◆ WORK TASK
A word-for-word copy of the records is needed, with every picture left out.

Captioned web image data:

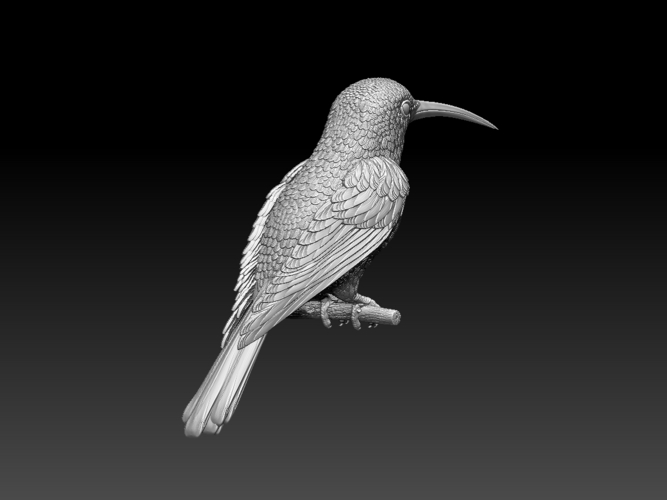 hummingbird 3D Print 509813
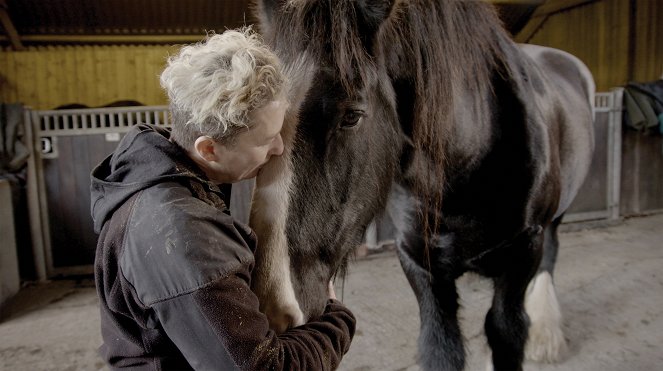 Clydesdale: Saving the Greatest Horse - De la película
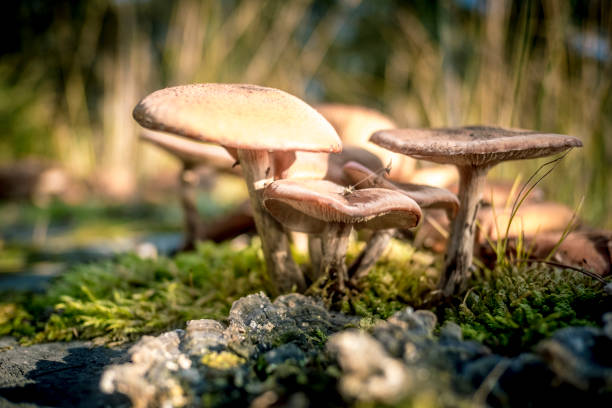 istock Mushrooms in the forest during a beautiful fall day 1064911932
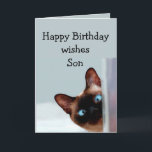 Carte Chat de Fun Son Birthday<br><div class="desc">Amusant Fils Anniversaire Souhaite Siamese Chat Animal Humour vous vers le haut. Parfait pour ce Fils dans votre vie avec un sens de l'humour,  un amour des chats et un anniversaire</div>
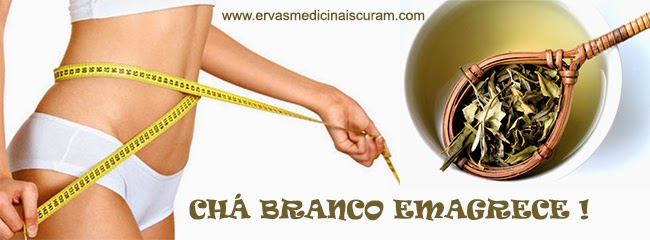 http://www.ervasmedicinaiscuram.com/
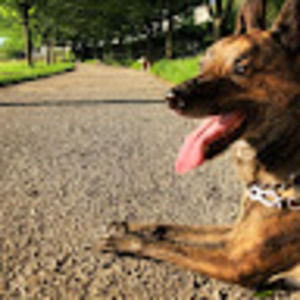 Meet your Posher, Will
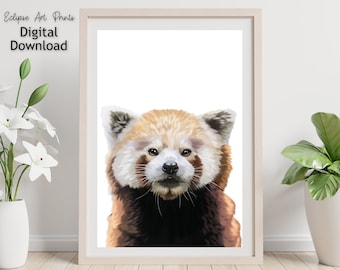 Red Panda Poster Print • Bedroom or Nursery Animal Art Decor • Printable Wall Art Digital Download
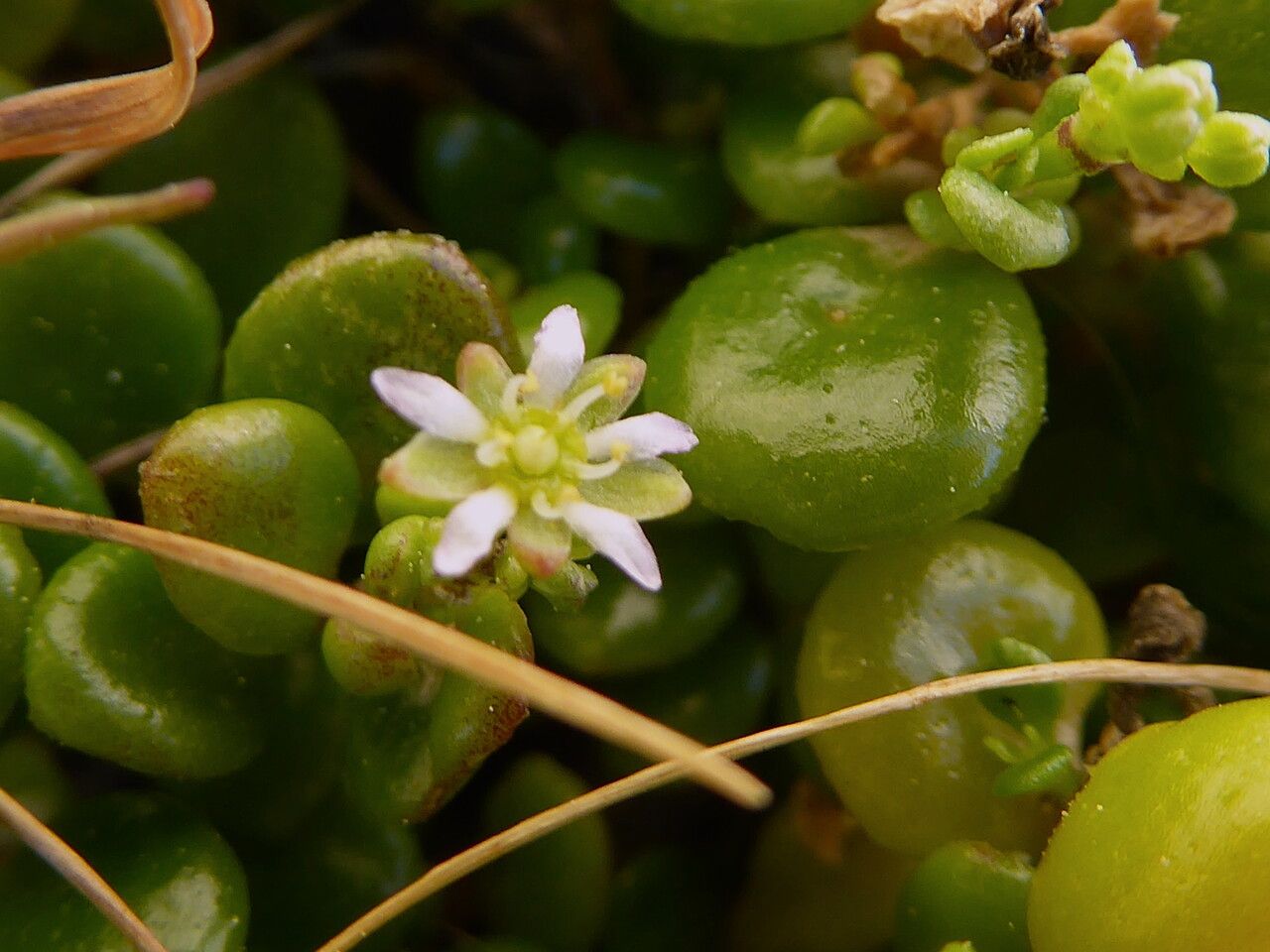 Polycarpon polycarpoides flower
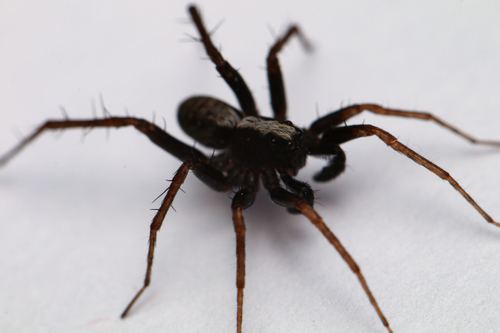 Pardosa saltans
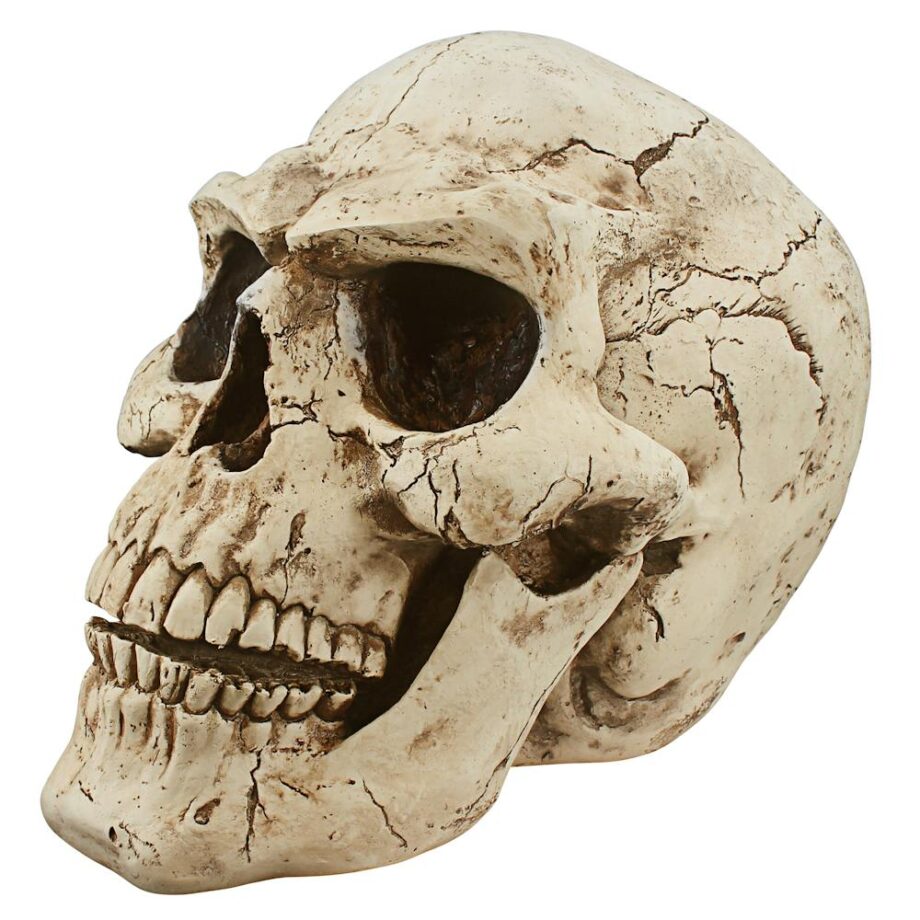 Sinister Simon Giant Skull Statue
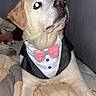 dog, labrador, pet, tuxedo, bow_tie, dressed_up, portrait, sitting, bed, bedroom, indoors, flash_photography, glowing_eye, cream_fur, brown_nose, large_dog, formalwear, cute, funny, companion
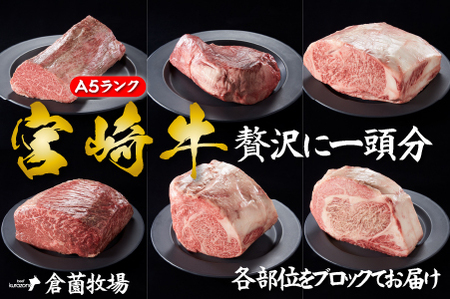 【倉薗牧場直送】長期育成牛・小林市産くらぞの宮崎牛A5等級　一頭セット 宮崎牛A5等級一頭 セット 宮崎牛 牛肉ブロック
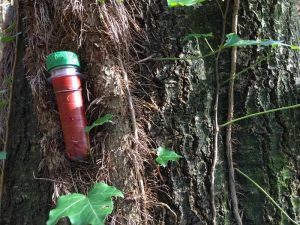 Geocaching - ein neuer Schatz wurde im Baum gefunden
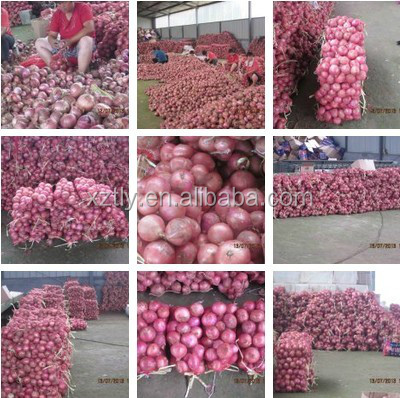 Fresh red onion best quality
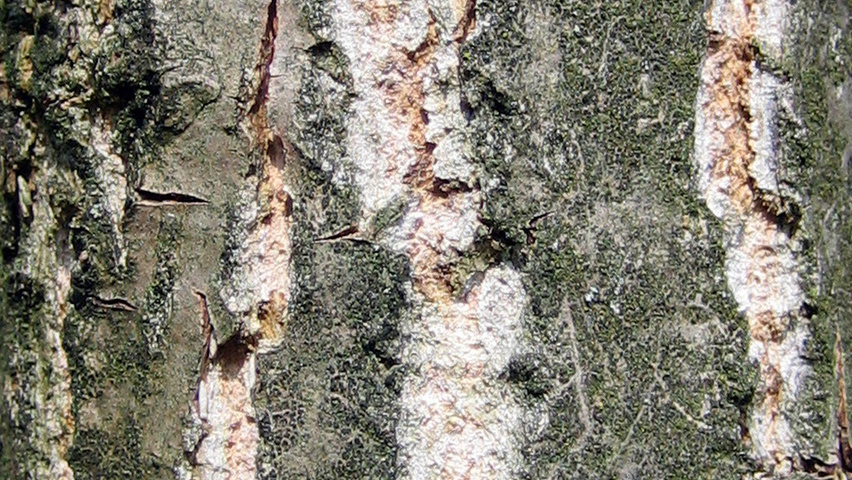 Populus nigra 'Vereecken' tronc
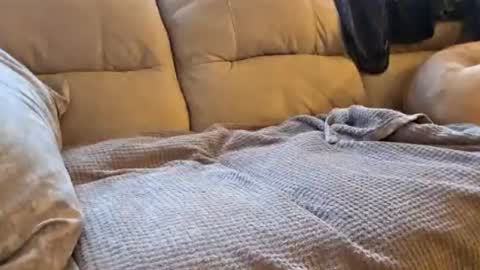 whorekneeweeny online show from August 5, 8:47 pm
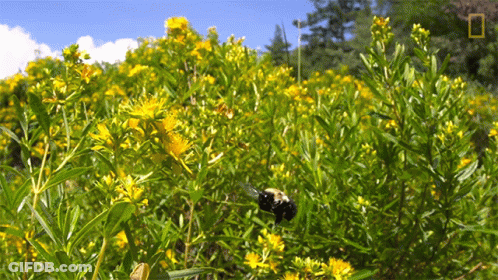 A Field Of Yellow Flowers With The National Geographic Logo In The Corner GIF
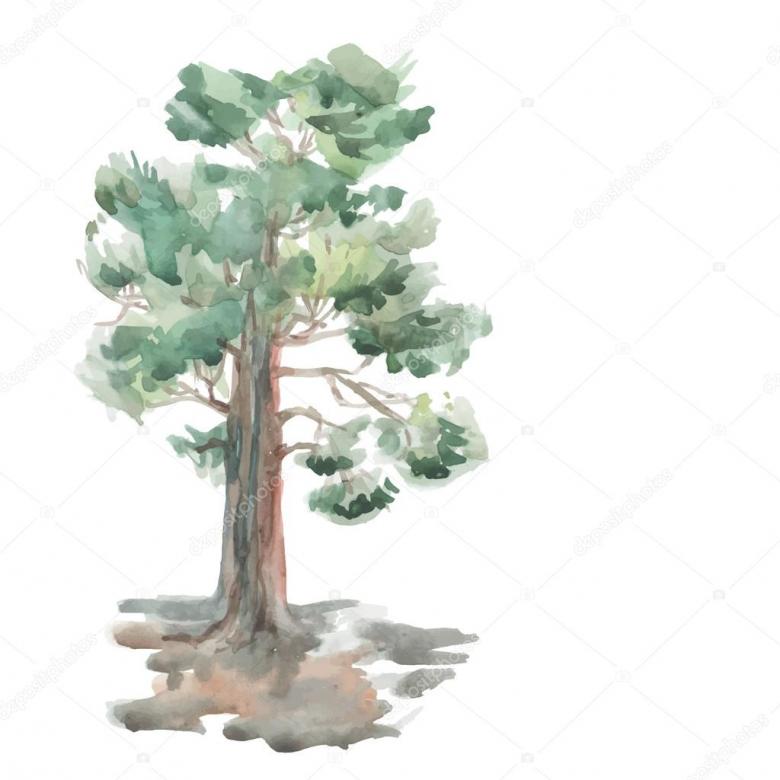 Нарисованное дерево 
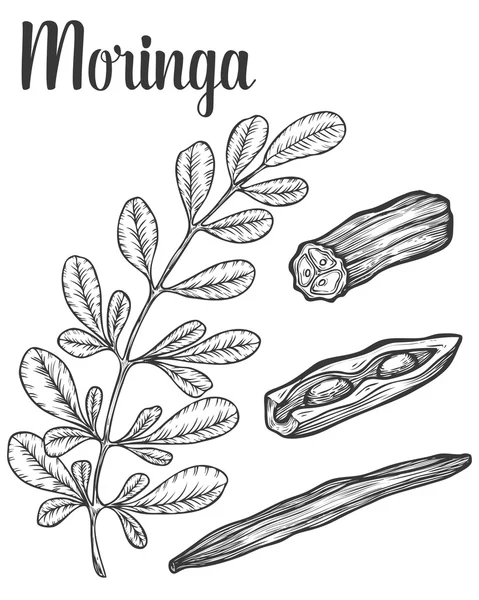 Hojas de moringa y semillas. Dibujo vintage vectorial grabado ilustración dibujada a mano. Fondo blanco . — Vector de stock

◆ EXERCISE RESPONSE
 hummingbird 3D Print 509813
 Clydesdale: Saving the Greatest Horse - De la película
 istock Mushrooms in the forest during a beautiful fall day 1064911932
 Carte Chat de Fun Son Birthday<br><div class="desc">Amusant Fils Anniversaire Souhaite Siamese Chat Animal Humour vous vers le haut. Parfait pour ce Fils dans votre vie avec un sens de l'humour,  un amour des chats et un anniversaire</div>
 http://www.ervasmedicinaiscuram.com/
 Meet your Posher, Will
 Red Panda Poster Print • Bedroom or Nursery Animal Art Decor • Printable Wall Art Digital Download
 Polycarpon polycarpoides flower
 Pardosa saltans
 Sinister Simon Giant Skull Statue
 dog, labrador, pet, tuxedo, bow_tie, dressed_up, portrait, sitting, bed, bedroom, indoors, flash_photography, glowing_eye, cream_fur, brown_nose, large_dog, formalwear, cute, funny, companion
 【倉薗牧場直送】長期育成牛・小林市産くらぞの宮崎牛A5等級　一頭セット 宮崎牛A5等級一頭 セット 宮崎牛 牛肉ブロック
 Geocaching - ein neuer Schatz wurde im Baum gefunden
 Fresh red onion best quality
 Populus nigra 'Vereecken' tronc
 whorekneeweeny online show from August 5, 8:47 pm
 A Field Of Yellow Flowers With The National Geographic Logo In The Corner GIF
 Нарисованное дерево 
 Hojas de moringa y semillas. Dibujo vintage vectorial grabado ilustración dibujada a mano. Fondo blanco . — Vector de stock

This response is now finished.